I do not know, of course, whether the short-circuited interpretation of Jesus’ parable that I am now going to offer you will turn out to be anywhere near the mark but in the possibility that it is (or at least gives us a better and more useful interpretation of an ancient parable), here goes . . .
It’s not an unreasonable to suggest that the inspiring example of Greta Thunberg may stand as a classic example of the mustard seed growing as it originally seems to have been understood by inhabitants of first-century Jewish Palestine. In August 2018 outside the Swedish Parliament she began, completely alone, a ‘School strike for climate’. An action in which, only one year later, she is now regularly being joined by several million students across the globe.
Again and again over the last years it has struck me that, perhaps, Greta Thunberg (Sweden), Ridhima Pandey and Aditya Mukarji (India), Wangari Maathai and Kaluki Paul Mutuku (Kenya), Nina Gualinga (Ecuadorian Amazon), Autumn Peltier (Anishinaabe people of Canada), Leah Namugerwa (Uganda) and the School Strike for Climate movement together make for a better candidate for being the fruit of the mustard seed than historic Christian Church ever was.
To conclude this address let’s walk through Crossan’s conclusion again with this thought in mind.
It is not just that our children start out as proverbially small and grow into creatures only a couple of feet higher than mustard plants, it is that they, too, tend take over where we stick-in-the-mud adults often don’t want them, they tend to get out of our control and their hearts and minds, like the branches of the mustard plant, tend to attract new and swift-winged, scientifically informed ideas within areas of our lives which we adults have cultivated with often problematic, destructive, out-dated and outmoded ideas and practices. Of course, we adults don’t desire this kind of thing to happen because it brings with it a serious challenge to our old ways of being-in-the-world, not least of all to our selfish and excessive consumption and waste, meat-eating, fossil fuel, car and aeroplane use which are clearly destroying the basic ecosystem upon which all life on this planet depends.
Now recall this famous teaching of Jesus’:
‘People were bringing even infants to [Jesus] that he might touch them; and when the disciples saw it, they sternly ordered them not to do it. But Jesus called for them and said, “Let the little children come to me, and do not stop them; for it is to such as these that the kingdom of God belongs. Truly I tell you, whoever does not receive the kingdom of God as a little child will never enter it.”’ (Luke 18:15-17)
And now reflect that our children’s activity in these School Strikes for Climate is precisely what Jesus said the kingdom of God would be like: not like the mighty cedar of Lebanon and not quite like a common weed, but like a pungent shrub with dangerous takeover qualities — dangerous, of course, only to our old ways of being which we know we must now urgently change.

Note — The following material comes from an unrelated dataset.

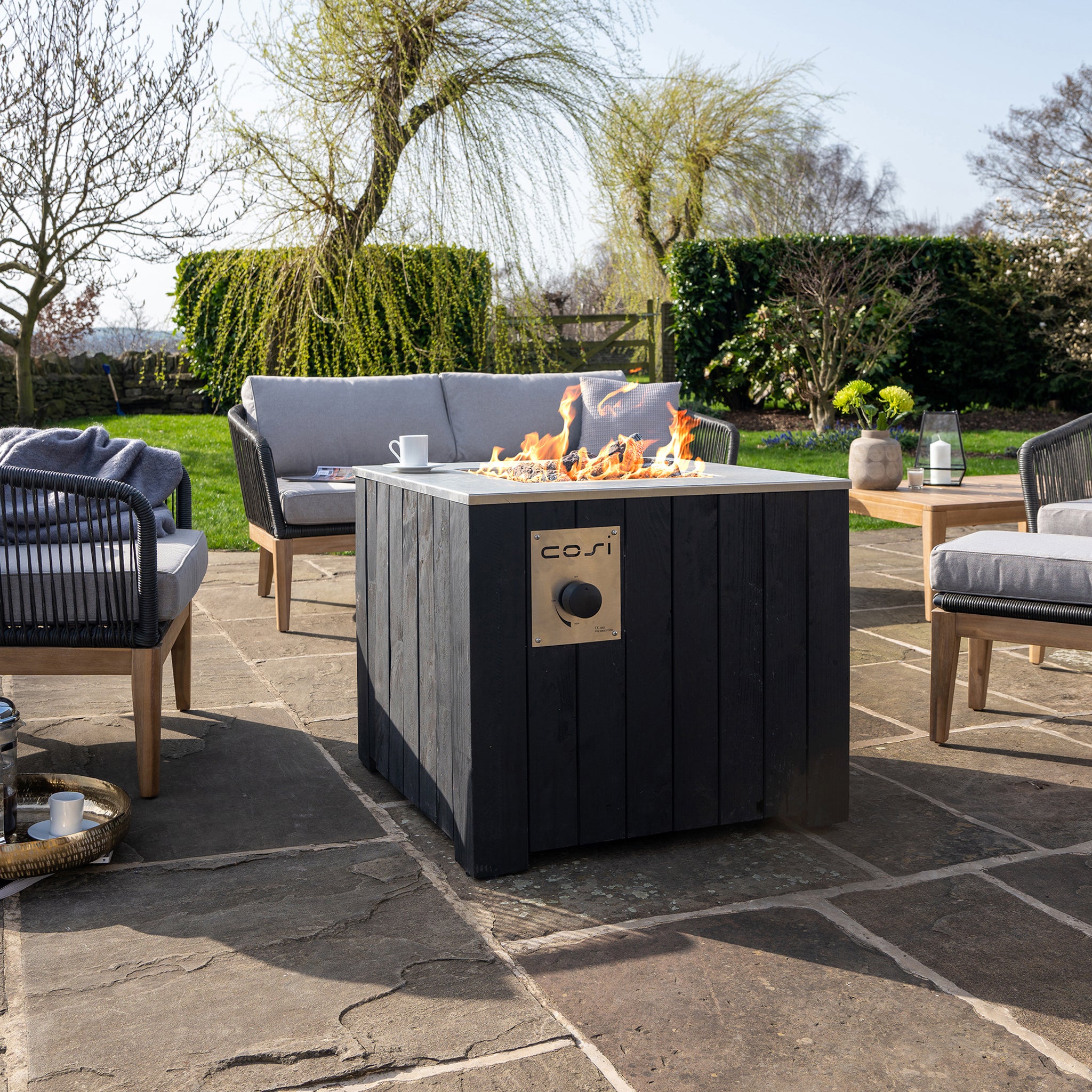 The outdoor patio features a Cosi - Cosicube 70 Black Fire Pit, fueled by propane gas, surrounded by cushioned chairs, plants, and trees.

Maybe, just maybe, the harvest of the mustard seed promised by Jesus is only now just beginning to become ready for an ingathering.
If this is the case then I simply say to you, just as Jesus once did:
‘The harvest is plentiful, but the labourers are few; therefore ask the Lord of the harvest to send out labourers into his harvest. Go on your way’ (Matthew 9:37-38).
I trust that we, the supposed adults in the room, will heed this call and set about helping our children — our beautiful, fiery and pungent mustard seeds — bring in in a well-ordered and gently controlled fashion the harvest of a better, healthier, kinder and more intelligent world — perhaps even one that looks something like the kingdom of God Jesus once promised us.